March 29, 2021 | Blog, Students, Title IX

Mishandling Reports of Sexual Harassment Could Cost Your District Millions

by Holly James

Late last week, it was announced that USC has agreed to pay $852 million to settle claims made by 710 women alleging sexual assault and sexual harassment by a former USC physician.  This is in addition to a $200 million settlement USC previously agreed to pay in a federal class action arising from similar allegations against the same employee.

This is the world of Title IX, and this is what could potentially happen when school districts and universities mishandle reports of sexual harassment.  Failure to respond appropriately to these types of allegations could result in sanctions from the Department of Education or liability for money damages in court.  (USC took a hit in both places.)

USC’s liability is rooted in claims that the school was deliberately indifferent to sexual harassment and sexual assault complaints about its employee.  School districts are not immune from these kinds of suits.

The USC settlement is a huge number, but that is only due to the large number of plaintiffs involved.  This latest settlement works out to about $1.2 million per plaintiff.  That amount is not beyond the realm of possibilities in the K-12 context.  There have even been some jury verdicts against school districts that are significantly higher.

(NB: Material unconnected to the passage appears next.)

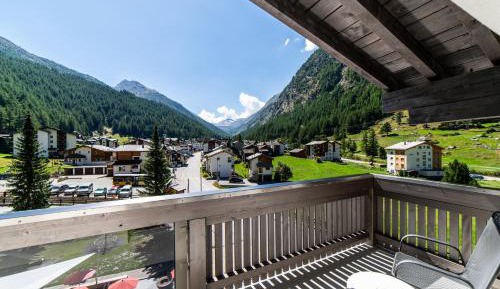 Double Room with Mountain View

It is also critical to remember that the Department of Education issued regulations last summer concerning how districts must respond to alleged sexual harassment.  The regulations are quite extensive and impose a multitude of requirements on districts, including a very specific and detailed grievance process that must be used to handle formal complaints of sexual harassment.

If, and when, your district is faced with a report of Title IX sexual harassment, it is worth a call to your lawyers.  We are here to coach you through the regulations to help make sure your district is in compliance.  If you haven’t done so yet, we can also help with mandatory policy updates, notices, and training for your personnel to make sure you’re well-positioned before your next complaint comes in.

Above all else, remember this: Do not ignore allegations of sexual harassment.  Deal with them promptly and properly.  Mishandling these allegations could cost you millions, not to mention the trust of your community.